● **Data**
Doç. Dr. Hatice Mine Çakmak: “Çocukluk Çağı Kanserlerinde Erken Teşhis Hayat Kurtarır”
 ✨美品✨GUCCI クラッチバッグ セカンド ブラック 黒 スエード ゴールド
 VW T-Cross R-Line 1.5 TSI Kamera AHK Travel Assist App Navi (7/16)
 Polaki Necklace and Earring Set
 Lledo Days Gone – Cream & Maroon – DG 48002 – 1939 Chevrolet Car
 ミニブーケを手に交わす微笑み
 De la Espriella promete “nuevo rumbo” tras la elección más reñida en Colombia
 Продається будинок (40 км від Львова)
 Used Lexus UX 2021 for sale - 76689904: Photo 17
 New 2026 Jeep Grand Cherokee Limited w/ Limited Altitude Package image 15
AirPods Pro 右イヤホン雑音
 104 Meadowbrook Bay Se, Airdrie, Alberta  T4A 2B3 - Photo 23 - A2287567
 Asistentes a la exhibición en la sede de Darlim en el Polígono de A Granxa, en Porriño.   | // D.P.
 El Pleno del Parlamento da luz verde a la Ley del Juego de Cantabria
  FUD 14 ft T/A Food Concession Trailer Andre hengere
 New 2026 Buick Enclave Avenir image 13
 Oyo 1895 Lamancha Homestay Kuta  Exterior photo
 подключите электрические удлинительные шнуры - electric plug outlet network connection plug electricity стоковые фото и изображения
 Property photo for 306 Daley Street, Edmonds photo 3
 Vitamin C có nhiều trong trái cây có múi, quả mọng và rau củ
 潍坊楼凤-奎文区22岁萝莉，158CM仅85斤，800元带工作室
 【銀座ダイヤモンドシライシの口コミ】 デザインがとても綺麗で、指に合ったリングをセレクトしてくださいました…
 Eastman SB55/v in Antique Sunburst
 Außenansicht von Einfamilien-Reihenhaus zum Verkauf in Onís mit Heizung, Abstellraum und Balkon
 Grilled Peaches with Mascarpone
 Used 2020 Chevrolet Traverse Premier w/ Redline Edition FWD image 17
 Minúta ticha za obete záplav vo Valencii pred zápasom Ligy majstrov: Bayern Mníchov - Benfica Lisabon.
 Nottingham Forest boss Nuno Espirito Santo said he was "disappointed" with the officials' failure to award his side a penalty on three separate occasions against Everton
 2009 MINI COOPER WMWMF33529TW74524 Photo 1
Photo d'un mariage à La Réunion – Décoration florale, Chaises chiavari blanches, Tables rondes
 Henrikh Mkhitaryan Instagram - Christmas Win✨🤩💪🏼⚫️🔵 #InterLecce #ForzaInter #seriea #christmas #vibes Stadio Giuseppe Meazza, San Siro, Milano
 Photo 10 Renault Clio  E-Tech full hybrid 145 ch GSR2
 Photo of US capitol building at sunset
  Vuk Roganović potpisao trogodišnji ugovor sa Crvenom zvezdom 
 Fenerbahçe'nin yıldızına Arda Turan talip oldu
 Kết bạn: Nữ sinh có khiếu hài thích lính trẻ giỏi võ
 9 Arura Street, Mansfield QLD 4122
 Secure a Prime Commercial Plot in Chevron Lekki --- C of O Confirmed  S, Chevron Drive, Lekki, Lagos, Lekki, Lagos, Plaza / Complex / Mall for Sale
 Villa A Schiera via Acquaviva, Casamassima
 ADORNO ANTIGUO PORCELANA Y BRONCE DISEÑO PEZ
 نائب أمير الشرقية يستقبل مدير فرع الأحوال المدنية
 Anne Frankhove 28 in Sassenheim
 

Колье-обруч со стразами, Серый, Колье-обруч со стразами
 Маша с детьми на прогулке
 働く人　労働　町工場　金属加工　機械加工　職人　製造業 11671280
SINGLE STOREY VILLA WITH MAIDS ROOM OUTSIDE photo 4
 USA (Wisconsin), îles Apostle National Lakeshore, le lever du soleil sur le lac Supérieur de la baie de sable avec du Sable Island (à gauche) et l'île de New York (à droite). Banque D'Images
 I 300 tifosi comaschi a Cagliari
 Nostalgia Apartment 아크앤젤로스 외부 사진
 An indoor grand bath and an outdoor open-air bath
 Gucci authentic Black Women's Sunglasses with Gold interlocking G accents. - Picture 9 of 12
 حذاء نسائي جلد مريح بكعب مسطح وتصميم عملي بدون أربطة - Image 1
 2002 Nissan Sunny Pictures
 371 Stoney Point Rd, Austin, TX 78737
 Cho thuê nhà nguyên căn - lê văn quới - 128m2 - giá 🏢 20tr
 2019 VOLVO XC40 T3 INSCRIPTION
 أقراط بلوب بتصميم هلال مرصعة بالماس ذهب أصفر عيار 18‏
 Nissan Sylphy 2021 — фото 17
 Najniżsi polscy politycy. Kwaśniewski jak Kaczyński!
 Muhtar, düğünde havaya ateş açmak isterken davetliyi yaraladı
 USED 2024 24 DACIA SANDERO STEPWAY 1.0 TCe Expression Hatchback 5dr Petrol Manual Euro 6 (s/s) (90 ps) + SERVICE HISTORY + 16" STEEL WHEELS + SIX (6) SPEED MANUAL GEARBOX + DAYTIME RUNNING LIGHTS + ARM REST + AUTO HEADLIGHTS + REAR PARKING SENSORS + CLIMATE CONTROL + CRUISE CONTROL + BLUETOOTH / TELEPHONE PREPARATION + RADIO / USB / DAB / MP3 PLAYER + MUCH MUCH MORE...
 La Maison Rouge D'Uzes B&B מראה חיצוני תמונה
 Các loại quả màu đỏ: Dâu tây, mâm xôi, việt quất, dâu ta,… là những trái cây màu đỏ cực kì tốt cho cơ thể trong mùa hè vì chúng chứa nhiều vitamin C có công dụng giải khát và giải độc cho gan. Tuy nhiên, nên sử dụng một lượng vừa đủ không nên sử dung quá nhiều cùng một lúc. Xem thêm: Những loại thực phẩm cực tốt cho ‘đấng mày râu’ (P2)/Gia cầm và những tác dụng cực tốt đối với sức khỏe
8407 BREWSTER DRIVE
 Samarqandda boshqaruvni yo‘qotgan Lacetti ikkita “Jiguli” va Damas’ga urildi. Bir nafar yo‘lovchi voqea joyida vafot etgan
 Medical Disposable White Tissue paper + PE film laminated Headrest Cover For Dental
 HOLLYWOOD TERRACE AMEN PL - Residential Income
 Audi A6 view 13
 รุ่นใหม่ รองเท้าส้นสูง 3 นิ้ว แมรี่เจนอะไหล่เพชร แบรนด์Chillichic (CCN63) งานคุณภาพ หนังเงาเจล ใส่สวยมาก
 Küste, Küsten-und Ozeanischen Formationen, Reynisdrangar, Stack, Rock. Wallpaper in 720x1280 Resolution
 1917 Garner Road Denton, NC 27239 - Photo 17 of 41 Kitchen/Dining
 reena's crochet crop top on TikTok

● **Task directions**
Please set down the entire material above exactly as presented.

● **Answer to this problem**
Doç. Dr. Hatice Mine Çakmak: “Çocukluk Çağı Kanserlerinde Erken Teşhis Hayat Kurtarır”
 ✨美品✨GUCCI クラッチバッグ セカンド ブラック 黒 スエード ゴールド
 VW T-Cross R-Line 1.5 TSI Kamera AHK Travel Assist App Navi (7/16)
 Polaki Necklace and Earring Set
 Lledo Days Gone – Cream & Maroon – DG 48002 – 1939 Chevrolet Car
 ミニブーケを手に交わす微笑み
 De la Espriella promete “nuevo rumbo” tras la elección más reñida en Colombia
 Продається будинок (40 км від Львова)
 Used Lexus UX 2021 for sale - 76689904: Photo 17
 New 2026 Jeep Grand Cherokee Limited w/ Limited Altitude Package image 15
AirPods Pro 右イヤホン雑音
 104 Meadowbrook Bay Se, Airdrie, Alberta  T4A 2B3 - Photo 23 - A2287567
 Asistentes a la exhibición en la sede de Darlim en el Polígono de A Granxa, en Porriño.   | // D.P.
 El Pleno del Parlamento da luz verde a la Ley del Juego de Cantabria
  FUD 14 ft T/A Food Concession Trailer Andre hengere
 New 2026 Buick Enclave Avenir image 13
 Oyo 1895 Lamancha Homestay Kuta  Exterior photo
 подключите электрические удлинительные шнуры - electric plug outlet network connection plug electricity стоковые фото и изображения
 Property photo for 306 Daley Street, Edmonds photo 3
 Vitamin C có nhiều trong trái cây có múi, quả mọng và rau củ
 潍坊楼凤-奎文区22岁萝莉，158CM仅85斤，800元带工作室
 【銀座ダイヤモンドシライシの口コミ】 デザインがとても綺麗で、指に合ったリングをセレクトしてくださいました…
 Eastman SB55/v in Antique Sunburst
 Außenansicht von Einfamilien-Reihenhaus zum Verkauf in Onís mit Heizung, Abstellraum und Balkon
 Grilled Peaches with Mascarpone
 Used 2020 Chevrolet Traverse Premier w/ Redline Edition FWD image 17
 Minúta ticha za obete záplav vo Valencii pred zápasom Ligy majstrov: Bayern Mníchov - Benfica Lisabon.
 Nottingham Forest boss Nuno Espirito Santo said he was "disappointed" with the officials' failure to award his side a penalty on three separate occasions against Everton
 2009 MINI COOPER WMWMF33529TW74524 Photo 1
Photo d'un mariage à La Réunion – Décoration florale, Chaises chiavari blanches, Tables rondes
 Henrikh Mkhitaryan Instagram - Christmas Win✨🤩💪🏼⚫️🔵 #InterLecce #ForzaInter #seriea #christmas #vibes Stadio Giuseppe Meazza, San Siro, Milano
 Photo 10 Renault Clio  E-Tech full hybrid 145 ch GSR2
 Photo of US capitol building at sunset
  Vuk Roganović potpisao trogodišnji ugovor sa Crvenom zvezdom 
 Fenerbahçe'nin yıldızına Arda Turan talip oldu
 Kết bạn: Nữ sinh có khiếu hài thích lính trẻ giỏi võ
 9 Arura Street, Mansfield QLD 4122
 Secure a Prime Commercial Plot in Chevron Lekki --- C of O Confirmed  S, Chevron Drive, Lekki, Lagos, Lekki, Lagos, Plaza / Complex / Mall for Sale
 Villa A Schiera via Acquaviva, Casamassima
 ADORNO ANTIGUO PORCELANA Y BRONCE DISEÑO PEZ
 نائب أمير الشرقية يستقبل مدير فرع الأحوال المدنية
 Anne Frankhove 28 in Sassenheim
 

Колье-обруч со стразами, Серый, Колье-обруч со стразами
 Маша с детьми на прогулке
 働く人　労働　町工場　金属加工　機械加工　職人　製造業 11671280
SINGLE STOREY VILLA WITH MAIDS ROOM OUTSIDE photo 4
 USA (Wisconsin), îles Apostle National Lakeshore, le lever du soleil sur le lac Supérieur de la baie de sable avec du Sable Island (à gauche) et l'île de New York (à droite). Banque D'Images
 I 300 tifosi comaschi a Cagliari
 Nostalgia Apartment 아크앤젤로스 외부 사진
 An indoor grand bath and an outdoor open-air bath
 Gucci authentic Black Women's Sunglasses with Gold interlocking G accents. - Picture 9 of 12
 حذاء نسائي جلد مريح بكعب مسطح وتصميم عملي بدون أربطة - Image 1
 2002 Nissan Sunny Pictures
 371 Stoney Point Rd, Austin, TX 78737
 Cho thuê nhà nguyên căn - lê văn quới - 128m2 - giá 🏢 20tr
 2019 VOLVO XC40 T3 INSCRIPTION
 أقراط بلوب بتصميم هلال مرصعة بالماس ذهب أصفر عيار 18‏
 Nissan Sylphy 2021 — фото 17
 Najniżsi polscy politycy. Kwaśniewski jak Kaczyński!
 Muhtar, düğünde havaya ateş açmak isterken davetliyi yaraladı
 USED 2024 24 DACIA SANDERO STEPWAY 1.0 TCe Expression Hatchback 5dr Petrol Manual Euro 6 (s/s) (90 ps) + SERVICE HISTORY + 16" STEEL WHEELS + SIX (6) SPEED MANUAL GEARBOX + DAYTIME RUNNING LIGHTS + ARM REST + AUTO HEADLIGHTS + REAR PARKING SENSORS + CLIMATE CONTROL + CRUISE CONTROL + BLUETOOTH / TELEPHONE PREPARATION + RADIO / USB / DAB / MP3 PLAYER + MUCH MUCH MORE...
 La Maison Rouge D'Uzes B&B מראה חיצוני תמונה
 Các loại quả màu đỏ: Dâu tây, mâm xôi, việt quất, dâu ta,… là những trái cây màu đỏ cực kì tốt cho cơ thể trong mùa hè vì chúng chứa nhiều vitamin C có công dụng giải khát và giải độc cho gan. Tuy nhiên, nên sử dụng một lượng vừa đủ không nên sử dung quá nhiều cùng một lúc. Xem thêm: Những loại thực phẩm cực tốt cho ‘đấng mày râu’ (P2)/Gia cầm và những tác dụng cực tốt đối với sức khỏe
8407 BREWSTER DRIVE
 Samarqandda boshqaruvni yo‘qotgan Lacetti ikkita “Jiguli” va Damas’ga urildi. Bir nafar yo‘lovchi voqea joyida vafot etgan
 Medical Disposable White Tissue paper + PE film laminated Headrest Cover For Dental
 HOLLYWOOD TERRACE AMEN PL - Residential Income
 Audi A6 view 13
 รุ่นใหม่ รองเท้าส้นสูง 3 นิ้ว แมรี่เจนอะไหล่เพชร แบรนด์Chillichic (CCN63) งานคุณภาพ หนังเงาเจล ใส่สวยมาก
 Küste, Küsten-und Ozeanischen Formationen, Reynisdrangar, Stack, Rock. Wallpaper in 720x1280 Resolution
 1917 Garner Road Denton, NC 27239 - Photo 17 of 41 Kitchen/Dining
 reena's crochet crop top on TikTok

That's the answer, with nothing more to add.